Corruption scandal-hit Netanyahu has to appease his right-wing constituency which will protest any halt to annexation. The threat of annexation retains Israeli leverage and continues to be a pressure point on the Palestinians and Arab countries. Israel’s military superiority, the Western support and its past record of aggression indicate that it can annexe those territories at will.
Iran is another factor that drives many Arab states to side with Israel. Tehran’s aggressive use of proxies to gain support across the Middle East has angered many. Tehran’s apparent determination to produce nuclear bombs causes the greatest concern, especially in Saudi Arabia.
Pakistan is on horns of a dilemma that will increase further as its ties with Saudi Arabia are troubled over Islamabad’s impatience and Riyadh’s reluctance to be proactive in attacking India on the Kashmir issue. After Foreign Minister Shah Mehmood Qureshi’s diplomatic outburst, Army Chief Gen. Bajwa’s Saudi visit did not help control the damage. Both Saudi Arabia and UAE have ignored Pakistan’s request to convene meetings of the OIC to discuss the Kashmir issue.

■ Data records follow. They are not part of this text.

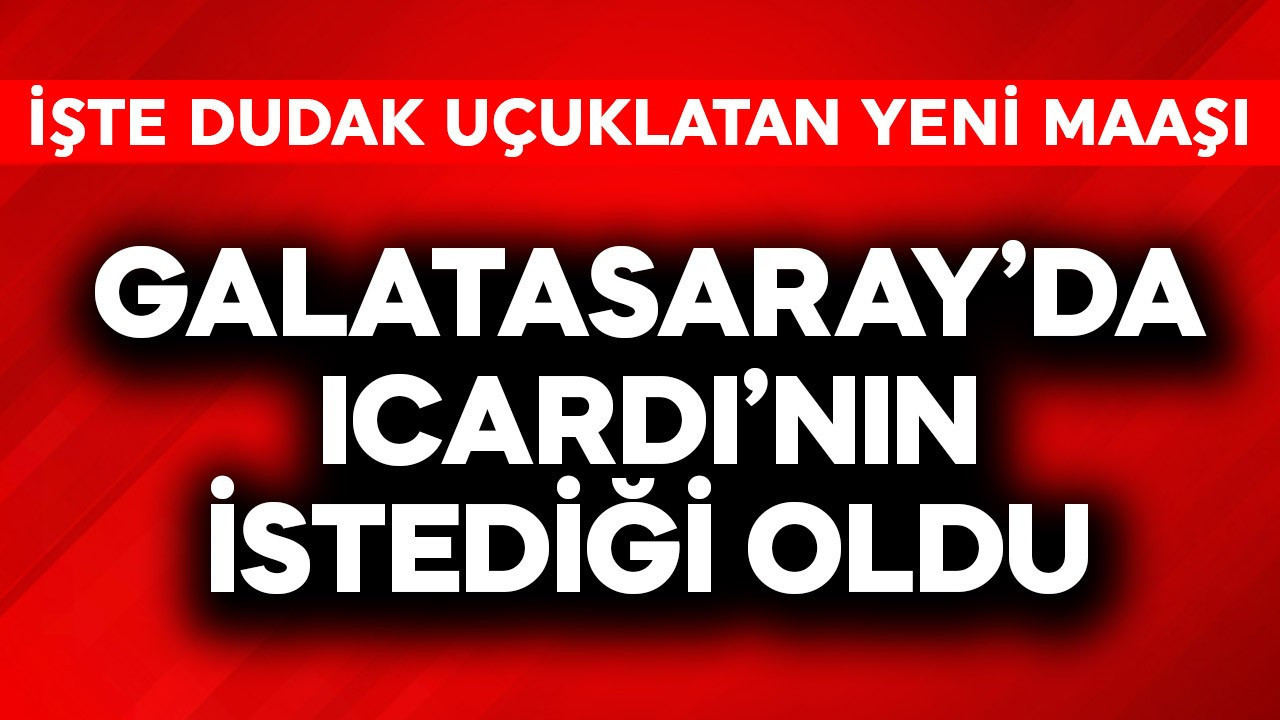 Galatasaray'da Icardi'nin istediği oldu! İşte dudak uçuklatan yeni maaşı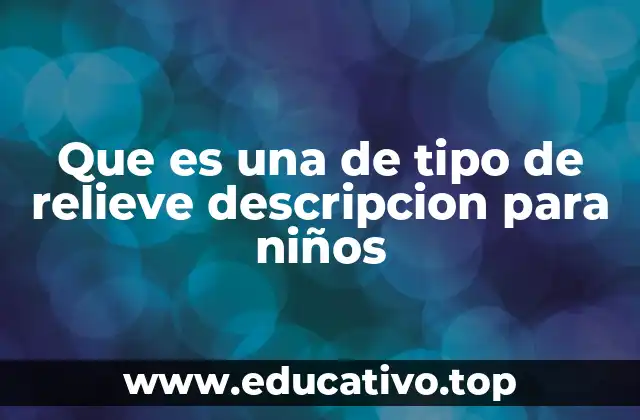 Que es una de tipo de relieve descripcion para niños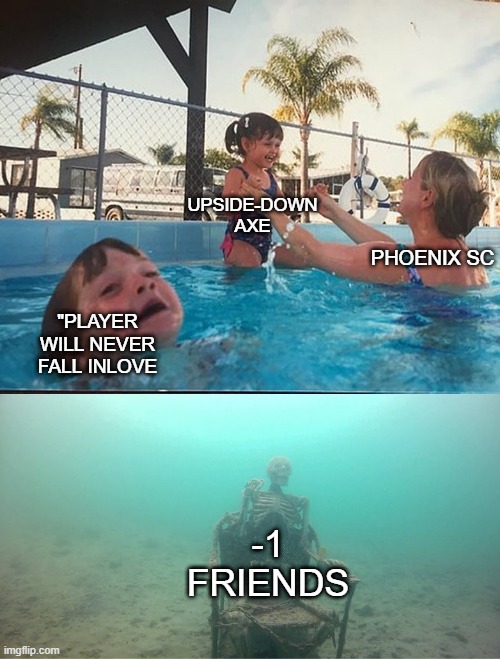 :/ | UPSIDE-DOWN AXE; PHOENIX SC; "PLAYER WILL NEVER FALL INLOVE; -1 FRIENDS | image tagged in mother ignoring kid drowning in a pool | made w/ Imgflip meme maker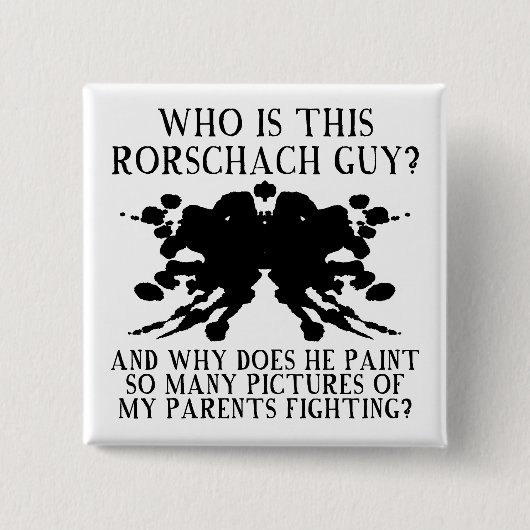 Rorschach Ink Blot Test Funny Button Abzeichen But (Vorderseite)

Riding piggy-back on China, Pakistan has shifted closer to Iran and Turkey, as strategic rivalry between Saudi Arabia, Iran and Turkey has led to geopolitical re-alignments.
In sum, each state has its own reasons for moving on. When a deadlock occurs, it is usually the stronger party that imposes change. There is no morality or justice in this politico-military diplomatic game.